◆ **Directions**:
Below are entries. Give back exactly the lines from the one containing "Sofá Reclinável E" through the one containing "Set da Pranzo", inclusive, without the pictures.

START Data

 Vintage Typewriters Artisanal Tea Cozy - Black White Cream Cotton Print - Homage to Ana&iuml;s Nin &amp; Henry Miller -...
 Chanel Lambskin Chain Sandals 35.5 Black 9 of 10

END Data
START Data

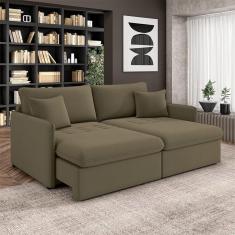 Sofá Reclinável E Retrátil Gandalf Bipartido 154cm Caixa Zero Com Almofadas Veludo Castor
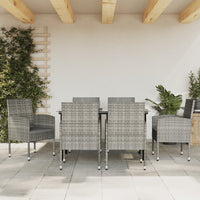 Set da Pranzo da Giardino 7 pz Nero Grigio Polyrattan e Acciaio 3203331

END Data

◆ **Answer space**:
 Sofá Reclinável E Retrátil Gandalf Bipartido 154cm Caixa Zero Com Almofadas Veludo Castor
 Set da Pranzo da Giardino 7 pz Nero Grigio Polyrattan e Acciaio 3203331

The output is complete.